Recently I’ve been expanding my knowledge of Power Automate, and how it works. It really is a truly amazing tool, though there can be some quirks to things! There are so many connectors to use, though I haven’t really used that many of them to date.
Truthfully, most of my work in Power Automate is around CDS & Office 365. Occasionally I’ll dip into another system, but for the most part that keeps me busy enough. It’s not to say I don’t want to explore further, but finding the time can be quite difficult!

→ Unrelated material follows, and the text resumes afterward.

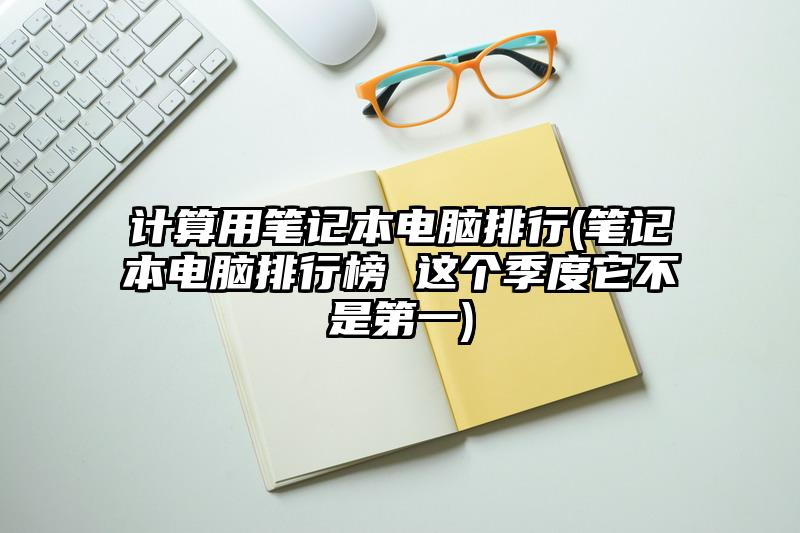 计算用笔记本电脑排行(笔记本电脑排行榜 这个季度它不是第一)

One of the great abilities that Power Automate has is to be able to update a record. With focusing on CDS entities for the moment, we would use the inbuilt action for this:
We’d run a query to get a specific record – this would give us the record ID (or GUID, depending on your preference). With this, we’d use the Update Record action & pass in the record GUID. After all, we need to know which record we’re going to update! So for example:
What we can then do is set values for the record. So we can pass in Dynamics Content, use Expressions, etc. These can be from records that are part of our Power Automate query chain, or from elsewhere.
For example, I can say that when a contact’s postcode changes (or zip code for USA), go away, look up the new city, and update it (Note: I haven’t shown the postcode lookup part below):
So this is all really brilliant. Different fields have different behaviours, of course, and we need to respect that. Otherwise the Power Automate flow won’t run, and will error. This is, of course, the digital equivalent of not trying to force a square brick into a round hole!
What we can also do is clear a field value. If for example we’re wanting to remove a value from a field, we can use the NULL expression on the field. When the Power Automate flow runs, it’ll clear whichever value the field is currently holding:
Now, one of the the field types available within CDS is the lookup field. I’m not going to go into what this is, as we should already know this!. We can, of course, set lookup fields values to populate the field, which works as expected.
However (& thanks for bearing with me so far), what happens if we want to clear a lookup field value?
Say for example that we have a task, that’s assigned out to someone. If they reject the task, we want to be able to remove them from the task record. We wouldn’t delete the task, as we still need it (& now would need to assign it to someone else). We need a way to do this.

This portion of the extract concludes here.